Bag of Words is a basic text representation technique in NLP.

It converts text into numbers (vectors) so that machine learning models can work with it.

The main idea:

Collect all the unique words (vocabulary).

Represent each document (sentence, paragraph, etc.) as a vector of word counts.

It’s called a “bag” because:

We only care about which words appear and how many times.

We do not care about word order or grammar.

In [1]:
import nltk
from nltk.tokenize import word_tokenize
from nltk.corpus import stopwords
import string

# Sample documents
doc1 = "I love Natural Language Processing."
doc2 = "Natural Language Processing loves Python."
documents = [doc1, doc2]

# Tokenize and preprocess
nltk.download('punkt')

stop_words = set(stopwords.words('english'))
punctuations = set(string.punctuation)

tokenized_docs = []
for doc in documents:
    words = word_tokenize(doc.lower())  # lowercase + tokenize
    words = [w for w in words if w not in stop_words and w not in punctuations]  # remove stopwords & punctuation
    tokenized_docs.append(words)

print("Tokenized Documents:", tokenized_docs)


[nltk_data] Downloading package punkt to
[nltk_data]     C:\Users\Hp\AppData\Roaming\nltk_data...
[nltk_data]   Package punkt is already up-to-date!

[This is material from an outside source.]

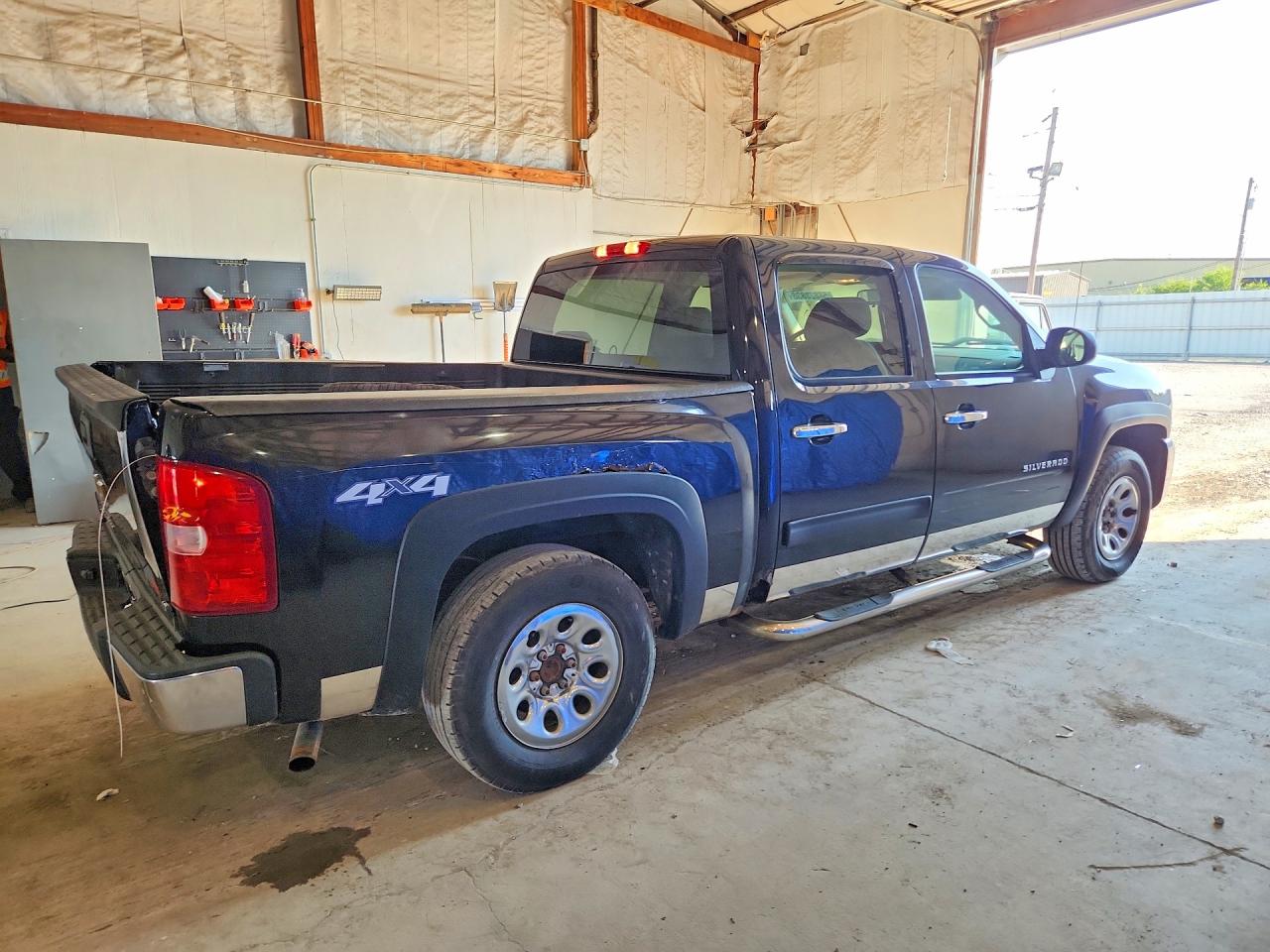 2011 Chevrolet Silverado K1500 Lt Черный vin: 3GCPKSEA8BG302978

Tokenized Documents: [['love', 'natural', 'language', 'processing'], ['natural', 'language', 'processing', 'loves', 'python']]


In [2]:
# Build a vocabulary (unique words)
vocabulary = sorted(set([word for doc in tokenized_docs for word in doc]))
print("Vocabulary:", vocabulary)


Vocabulary: ['language', 'love', 'loves', 'natural', 'processing', 'python']


In [3]:
# Function to create BoW vector
def bow_vectorize(doc, vocabulary):
    vector = [0] * len(vocabulary)
    for word in doc:
        if word in vocabulary:
            index = vocabulary.index(word)
            vector[index] += 1
    return vector

# Apply to all documents
bow_matrix = [bow_vectorize(doc, vocabulary) for doc in tokenized_docs]

print("BoW Matrix:")
for vec in bow_matrix:
    print(vec)


BoW Matrix:
[1, 1, 0, 1, 1, 0]
[1, 0, 1, 1, 1, 1]


Vocabulary = ['language', 'love', 'loves', 'natural', 'processing', 'python']

First document → "love natural language processing" → [1, 1, 0, 1, 1, 0]

Second document → "natural language processing loves python" → [1, 0, 1, 1, 1, 1]